Make sure to use absolute pathnames.
In particular, the list returned by 'get_include_dirs' must include [ROOT]
(absolute pathname).
* Build
$ cd [ROOT]/python/cython
$ make
This should produce a number of shared libraries, most important
[ROOT]/python/apbsint/eptools_ext.so (all shared libraries are moved
to [ROOT]/python/apbsint). The suffix may be different from '.so' for
your system.
* Extend Python sys.path
Insert [ROOT]/python into the module search path sys.path. If
you use IPython, you can do the following. Locate your profile:
$ ipython locate profile
Go there and edit the file ipython_config.py. Look for sys.path, or just
append the following to the end::
import sys
sys.path.append('[ROOT]/python')
* Test
There is some test code in [ROOT]/python/test/. For example:
$ cd [ROOT]/python/test/binclass
$ ipython eptest_binclass.py
This should run some simple binary classification example. You can edit
eptest_binclass.py and thereby test different aspects.
Building the Matlab API
=======================
Note: The main focus of ApBsInT is on Python development. The Matlab API should
be regarded as add-on, which we mainly use to debug and test the Python code.
Also, while Cython and distutils are portable across different platforms, this
is not the case for the Matlab MEX API. If you are working on Windows or Mac,
you may have to do some serious porting (please contribute a port if you did
one).
Denote the repository root by [ROOT].
* Prerequisites
Make sure you have a fairly recent version of Matlab, and that you can
compile MEX files (Matlab mex command).
* Configure make.inc.def
$ cd [ROOT]/matlab
$ cp make.inc.example make.inc.def
Edit make.inc.def. You have to set::
ROOTDIR=[ROOT]
Also, check the other variables and make sure this makes sense for your
system. In particular, set EXINCS_MATLAB to the XXX/extern/include
directory for your Matlab installation (it has to contain mex.h).
Matlab MEX creates shared libraries, whose filenames have a specific
suffix (.mexglx or .mexa64 in Linux). Find out what this is for you, and
set MEXSUFFIX accordingly.
* Build
$ cd [ROOT]/matlab
$ make
This should produce MEX shared libraries in [ROOT]/matlab/bin.
* Modify Matlab path
The directory [ROOT]/matlab and its subdirectories must be in the
Matlab path. The Matlab script [ROOT]/matlab/startup.m adds them.

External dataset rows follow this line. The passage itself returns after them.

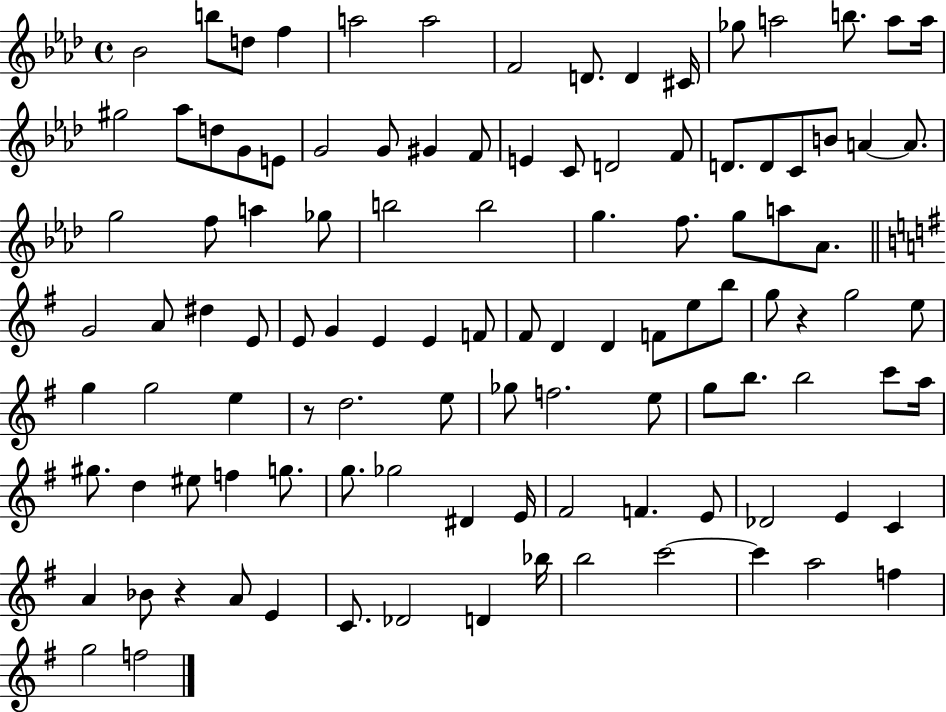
{
  \clef treble
  \time 4/4
  \defaultTimeSignature
  \key aes \major
  bes'2 b''8 d''8 f''4 | a''2 a''2 | f'2 d'8. d'4 cis'16 | ges''8 a''2 b''8. a''8 a''16 | \break gis''2 aes''8 d''8 g'8 e'8 | g'2 g'8 gis'4 f'8 | e'4 c'8 d'2 f'8 | d'8. d'8 c'8 b'8 a'4~~ a'8. | \break g''2 f''8 a''4 ges''8 | b''2 b''2 | g''4. f''8. g''8 a''8 aes'8. | \bar "||" \break \key g \major g'2 a'8 dis''4 e'8 | e'8 g'4 e'4 e'4 f'8 | fis'8 d'4 d'4 f'8 e''8 b''8 | g''8 r4 g''2 e''8 | \break g''4 g''2 e''4 | r8 d''2. e''8 | ges''8 f''2. e''8 | g''8 b''8. b''2 c'''8 a''16 | \break gis''8. d''4 eis''8 f''4 g''8. | g''8. ges''2 dis'4 e'16 | fis'2 f'4. e'8 | des'2 e'4 c'4 | \break a'4 bes'8 r4 a'8 e'4 | c'8. des'2 d'4 bes''16 | b''2 c'''2~~ | c'''4 a''2 f''4 | \break g''2 f''2 | \bar "|."
}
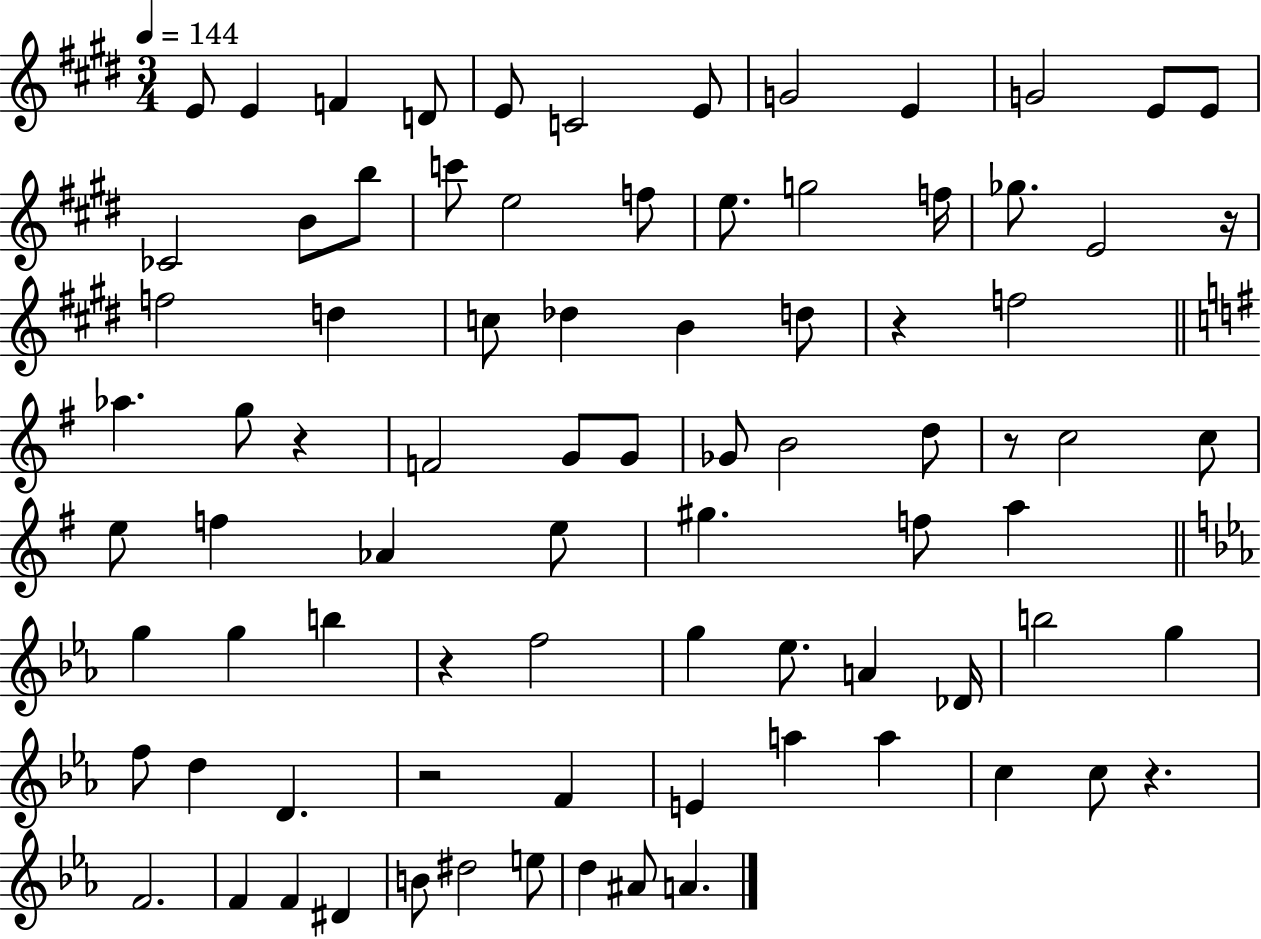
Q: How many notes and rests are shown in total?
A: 83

In order to run this script automatically when starting Matlab, add the
following to your ~/matlab/startup.m file::
s=pwd;
cd(strcat(getenv('HOME'),'[ROOT]/matlab'));
startup;
cd(s); clear('s');
* Test
There is some test code in [ROOT]/matlab/test/. For example, try to run
[ROOT]/matlab/test/binclass/eptest_binclass.m. This should run some
simple binary classification example. You can edit the code and thereby
test different aspects.
Documentation
=============
A bit patchy for now. In particular, there is not much user documentation
right now. Look into [ROOT]/doc.
* [ROOT]/doc/techreps/ep_toolbox.pdf: Technical report with details about
the Expectation Propagation (EP) part of ApBsInT
* [ROOT]/doc/design: Some files describing design aspects
Apart from that, example and test code for the Matlab API are in
[ROOT]/matlab/test/, for the Python API in [ROOT]/python/test/. Also,
the code is well documented.
What is the "Workaround"?
=========================
You may note a certain incompleteness of the system (for example, some
methods in src/src/eptools/potentials/SpecfunServices throw a
NotImplemException) and come across the term "workaround" (for example, in
python/cython/setup.py). Trying to build the system in "workaround mode" does
not work.
These problems are due to licensing issues. While we will always ensure that
a core part of the system builds properly, we have to exclude some more recent
extensions, as they employ code which is copy-left licensed.
Our working solution is to explore new directions based on software under any
license. Once an extension proves worthwile, we may spend the effort to purge
the viral links. This process could be sped up by more contributors.